İslam’ın kurumlaşmaya doğru geliştiği andan itibaren ümmetin mahrem yerleri, gelir gider gibi kritik noktaları, en emin ellerde tutulmaya dikkat edilmiştir. Mesela mali işlerden sorumlu Bilal b. Rebah; davet ve diplomaside Mus’ab b. Umeyr, Ali b. Ebi Talip, Muaz b. Cebel, Ebu Ubeyde, Amir b. Cerrah, Ebu Musa El Eşari gibi en emin sahabiler bu kişilerdendi.
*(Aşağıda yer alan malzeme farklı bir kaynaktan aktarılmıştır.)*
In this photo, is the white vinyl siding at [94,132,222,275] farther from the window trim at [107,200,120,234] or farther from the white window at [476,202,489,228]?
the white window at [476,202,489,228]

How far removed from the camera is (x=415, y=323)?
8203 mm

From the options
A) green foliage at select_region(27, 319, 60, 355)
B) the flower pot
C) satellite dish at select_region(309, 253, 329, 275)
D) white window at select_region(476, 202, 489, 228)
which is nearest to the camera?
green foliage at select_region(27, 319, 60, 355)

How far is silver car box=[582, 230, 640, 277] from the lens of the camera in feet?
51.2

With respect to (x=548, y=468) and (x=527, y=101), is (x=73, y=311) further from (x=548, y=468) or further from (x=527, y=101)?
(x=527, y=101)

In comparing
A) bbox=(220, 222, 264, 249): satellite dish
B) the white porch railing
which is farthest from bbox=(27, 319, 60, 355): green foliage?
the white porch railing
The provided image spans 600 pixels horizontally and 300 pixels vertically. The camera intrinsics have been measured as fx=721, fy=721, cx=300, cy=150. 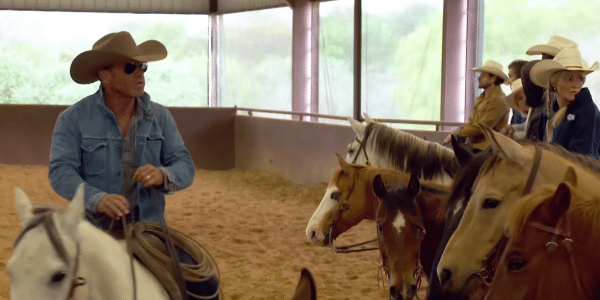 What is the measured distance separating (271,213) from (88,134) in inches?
236

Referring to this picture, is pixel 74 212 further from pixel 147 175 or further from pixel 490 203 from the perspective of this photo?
pixel 490 203

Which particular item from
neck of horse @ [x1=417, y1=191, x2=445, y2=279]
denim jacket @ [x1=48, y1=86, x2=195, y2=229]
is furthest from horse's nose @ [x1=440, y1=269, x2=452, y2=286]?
neck of horse @ [x1=417, y1=191, x2=445, y2=279]

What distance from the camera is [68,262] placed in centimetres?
187

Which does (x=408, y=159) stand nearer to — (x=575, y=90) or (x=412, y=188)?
(x=412, y=188)

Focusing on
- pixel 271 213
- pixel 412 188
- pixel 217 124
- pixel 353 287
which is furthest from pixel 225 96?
pixel 412 188

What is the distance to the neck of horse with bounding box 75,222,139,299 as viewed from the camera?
2.01m

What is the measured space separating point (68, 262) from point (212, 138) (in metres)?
10.7

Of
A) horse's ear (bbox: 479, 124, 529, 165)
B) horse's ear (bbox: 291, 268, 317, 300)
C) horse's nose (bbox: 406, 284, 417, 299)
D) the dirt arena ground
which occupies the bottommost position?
the dirt arena ground

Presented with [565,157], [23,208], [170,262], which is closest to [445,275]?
[565,157]

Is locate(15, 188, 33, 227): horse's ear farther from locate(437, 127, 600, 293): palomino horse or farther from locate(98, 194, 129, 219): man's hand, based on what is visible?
locate(437, 127, 600, 293): palomino horse

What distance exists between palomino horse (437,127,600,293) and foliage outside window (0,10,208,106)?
55.2ft

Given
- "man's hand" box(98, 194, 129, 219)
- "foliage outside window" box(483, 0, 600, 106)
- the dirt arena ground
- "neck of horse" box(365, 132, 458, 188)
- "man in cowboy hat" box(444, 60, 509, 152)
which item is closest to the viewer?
"man's hand" box(98, 194, 129, 219)

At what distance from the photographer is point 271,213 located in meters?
8.53

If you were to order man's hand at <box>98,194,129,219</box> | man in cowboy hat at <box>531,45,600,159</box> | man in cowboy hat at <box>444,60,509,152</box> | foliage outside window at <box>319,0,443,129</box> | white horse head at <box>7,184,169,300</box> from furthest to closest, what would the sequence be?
foliage outside window at <box>319,0,443,129</box> < man in cowboy hat at <box>444,60,509,152</box> < man in cowboy hat at <box>531,45,600,159</box> < man's hand at <box>98,194,129,219</box> < white horse head at <box>7,184,169,300</box> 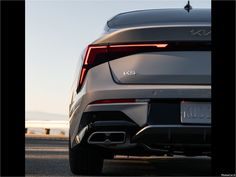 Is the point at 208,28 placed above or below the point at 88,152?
above

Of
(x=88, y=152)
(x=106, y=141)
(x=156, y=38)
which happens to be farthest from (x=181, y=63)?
(x=88, y=152)

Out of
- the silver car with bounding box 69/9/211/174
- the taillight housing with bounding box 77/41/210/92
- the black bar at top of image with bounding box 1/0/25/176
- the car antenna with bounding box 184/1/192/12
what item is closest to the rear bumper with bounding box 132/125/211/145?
the silver car with bounding box 69/9/211/174

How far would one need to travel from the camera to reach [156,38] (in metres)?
4.61

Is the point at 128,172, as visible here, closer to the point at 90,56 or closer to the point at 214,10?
the point at 90,56

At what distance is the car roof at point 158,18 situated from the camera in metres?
4.76

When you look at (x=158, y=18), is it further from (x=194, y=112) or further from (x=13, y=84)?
(x=13, y=84)

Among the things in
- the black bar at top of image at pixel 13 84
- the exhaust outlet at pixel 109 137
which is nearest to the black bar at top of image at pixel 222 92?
the exhaust outlet at pixel 109 137

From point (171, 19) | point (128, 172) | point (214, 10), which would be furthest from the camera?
point (128, 172)

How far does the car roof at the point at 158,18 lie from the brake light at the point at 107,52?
226 mm

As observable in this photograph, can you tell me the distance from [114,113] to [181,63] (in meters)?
0.69

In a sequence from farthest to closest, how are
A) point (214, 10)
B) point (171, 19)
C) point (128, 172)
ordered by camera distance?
point (128, 172)
point (171, 19)
point (214, 10)

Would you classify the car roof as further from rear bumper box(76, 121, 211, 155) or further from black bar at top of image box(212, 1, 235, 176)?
rear bumper box(76, 121, 211, 155)

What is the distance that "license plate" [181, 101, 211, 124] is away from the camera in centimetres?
452

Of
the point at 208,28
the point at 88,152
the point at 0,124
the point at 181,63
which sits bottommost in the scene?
the point at 88,152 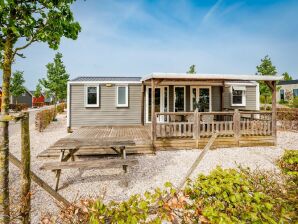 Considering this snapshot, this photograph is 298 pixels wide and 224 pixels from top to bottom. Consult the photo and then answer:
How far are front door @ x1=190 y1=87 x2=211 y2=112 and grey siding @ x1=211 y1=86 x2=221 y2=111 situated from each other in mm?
418

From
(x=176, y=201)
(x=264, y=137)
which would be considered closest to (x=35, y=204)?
(x=176, y=201)

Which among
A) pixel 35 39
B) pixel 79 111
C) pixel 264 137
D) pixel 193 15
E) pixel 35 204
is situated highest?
pixel 193 15

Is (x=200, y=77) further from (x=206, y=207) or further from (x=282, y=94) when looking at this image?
(x=282, y=94)

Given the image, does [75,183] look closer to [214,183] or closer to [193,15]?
[214,183]

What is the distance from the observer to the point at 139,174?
584cm

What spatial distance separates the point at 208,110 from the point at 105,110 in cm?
685

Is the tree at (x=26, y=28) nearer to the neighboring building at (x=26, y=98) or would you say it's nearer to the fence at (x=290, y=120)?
the fence at (x=290, y=120)

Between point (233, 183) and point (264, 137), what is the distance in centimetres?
830

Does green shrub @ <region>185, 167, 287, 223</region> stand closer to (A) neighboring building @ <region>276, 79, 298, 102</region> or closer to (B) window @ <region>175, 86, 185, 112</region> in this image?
(B) window @ <region>175, 86, 185, 112</region>

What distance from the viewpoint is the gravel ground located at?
178 inches

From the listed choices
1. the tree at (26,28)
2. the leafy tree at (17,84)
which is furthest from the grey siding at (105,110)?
the leafy tree at (17,84)

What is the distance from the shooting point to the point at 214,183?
2080 millimetres

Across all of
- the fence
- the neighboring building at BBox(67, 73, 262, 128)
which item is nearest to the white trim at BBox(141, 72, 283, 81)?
the neighboring building at BBox(67, 73, 262, 128)

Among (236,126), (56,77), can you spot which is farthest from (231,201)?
(56,77)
Hakeza yazışma ve elçilik işlerinde Ali b. Ebi Talip, Zeyd b. Sabit, Dihye b. Halife ve Abdullah b. Huzafe;
yayın (medya) işlerinden Hz. Ebu Bekir’in mahiyetinde oluşturulan bir komitede yer alan Hasan b. Sabit, Kab b. Malik, Abdullah b. Ravaha gibi dili keskin; ama verilen talimatın dışına asla çıkmayan şairlerden oluşurdu. Münafıklar asla bu işlere yaklaştırılmazdı.
Hulefa-i Raşidin döneminde de bu işler, aynen böyle devam etti. Özellikle Hz. Ömer döneminde Irak, İran, Cezire, Suriye, Filistin ve Mısır’ın fethiyle birlikte İslâm hâkimiyeti altına giren gayri Müslimlerin verdikleri fey, cizye ve ticaret malları gelirleri sonucunda artan gelirlerin adil bir şekilde Müslümanlar arasında dağıtmak üzere bir “Divan” teşkilatı kuruldu. Bu teşkilât, muharip güçleri kaydedip maaşa bağlamak ve bakılması gereken Müslümanların iaşesini düzene koymak üzere kurulmuştu.
İşte Hz. Ömer’in devlet gelirlerini kontrollü şekilde dağıtmak için kurduğu bu divan teşkilatı, bir devlet yapılanması olarak yaygın bir şekilde kullanılmaya başlandı. Bu teşkilat Emeviler ve Abbasiler döneminde başta askeri ve mali sahalarda çeşitli devlet hizmetlerine bakan müesseselere de isim olarak verilmiştir. Günümüzde buna “Hazine ve Maliye Bakanlığı” denilmektedir.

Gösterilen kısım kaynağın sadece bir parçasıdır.